Captioned web image data
______________________________
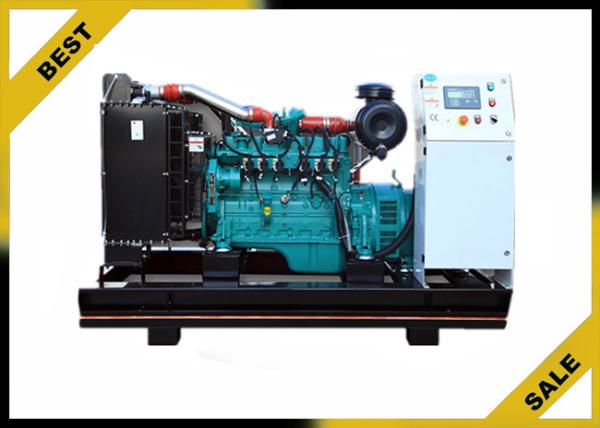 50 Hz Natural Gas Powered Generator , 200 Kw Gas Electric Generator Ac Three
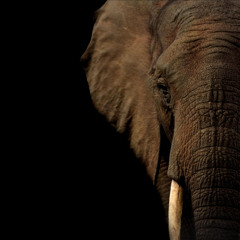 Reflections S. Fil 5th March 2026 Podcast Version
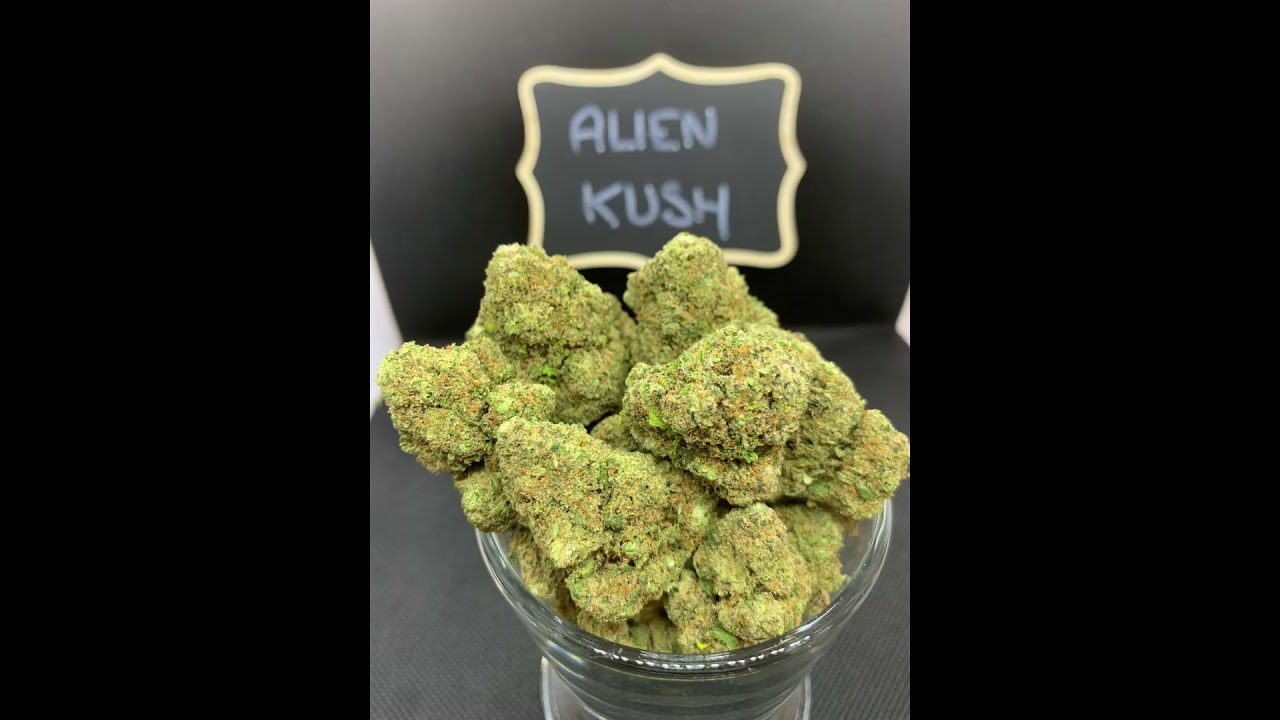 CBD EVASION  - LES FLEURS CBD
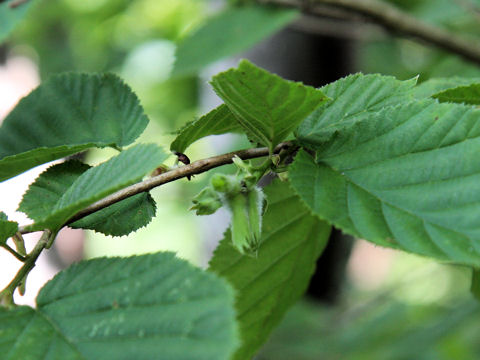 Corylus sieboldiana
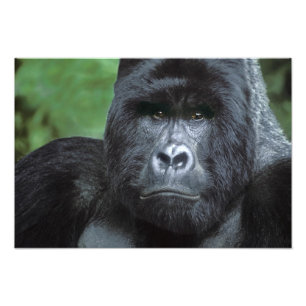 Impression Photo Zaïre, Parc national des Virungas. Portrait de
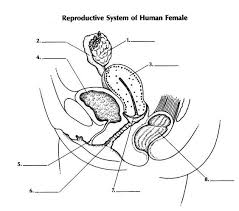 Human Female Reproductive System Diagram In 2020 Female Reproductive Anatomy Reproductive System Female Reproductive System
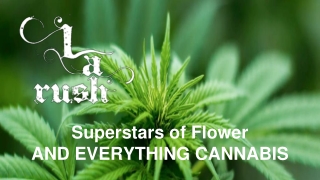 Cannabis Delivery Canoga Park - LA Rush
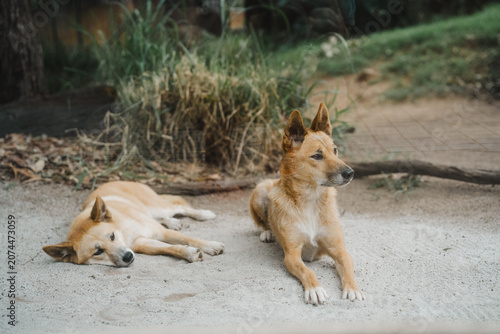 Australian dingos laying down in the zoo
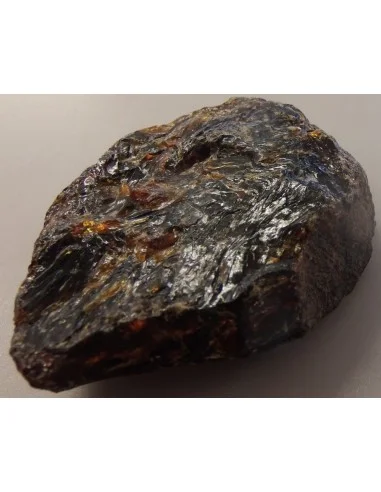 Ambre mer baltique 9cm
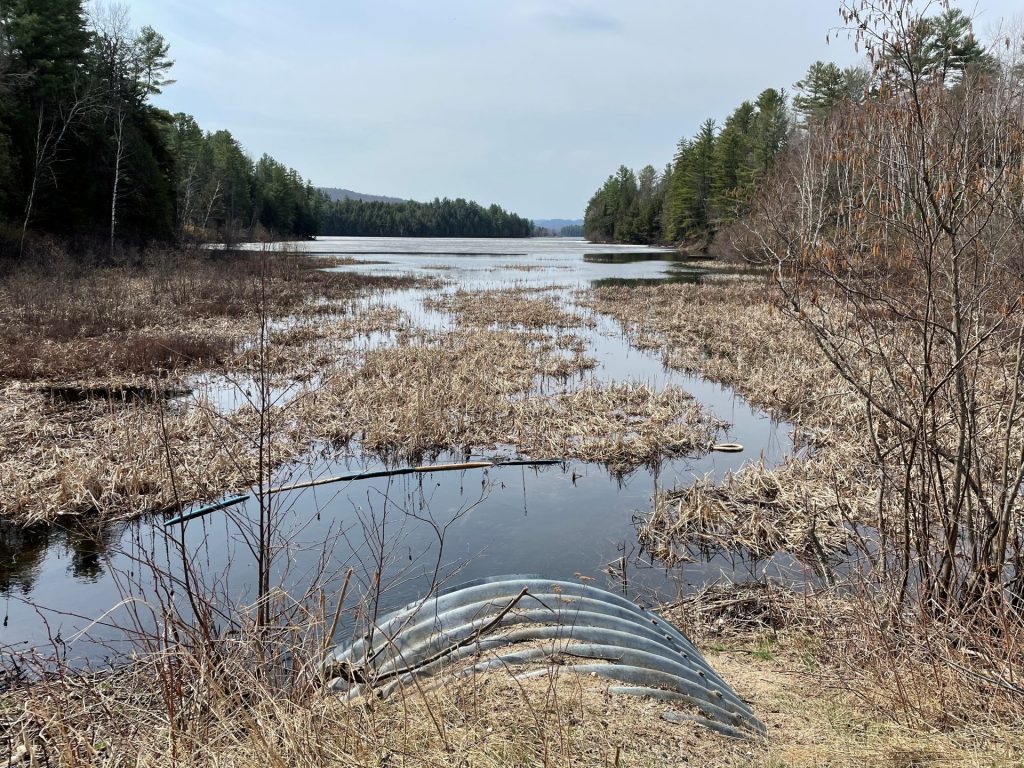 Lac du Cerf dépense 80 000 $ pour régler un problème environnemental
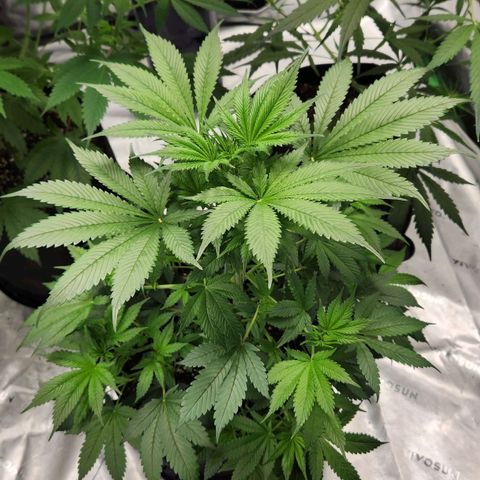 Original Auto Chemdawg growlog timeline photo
______________________________
- ABOUT THIS TASK -
Extract only the lines from the line containing "Australian dingos laying down in the zoo" through the final line of the records; keep both ends and drop every picture.

- ANSWER FOR THIS EXERCISE -
 Australian dingos laying down in the zoo
 Ambre mer baltique 9cm
 Lac du Cerf dépense 80 000 $ pour régler un problème environnemental
 Original Auto Chemdawg growlog timeline photo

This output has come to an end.